Recorded information:
───

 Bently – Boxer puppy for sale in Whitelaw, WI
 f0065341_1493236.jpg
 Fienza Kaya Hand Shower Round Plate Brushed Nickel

───

Work request: The data given above must be transcribed exactly and completely.

Response box:
 Bently – Boxer puppy for sale in Whitelaw, WI
 f0065341_1493236.jpg
 Fienza Kaya Hand Shower Round Plate Brushed Nickel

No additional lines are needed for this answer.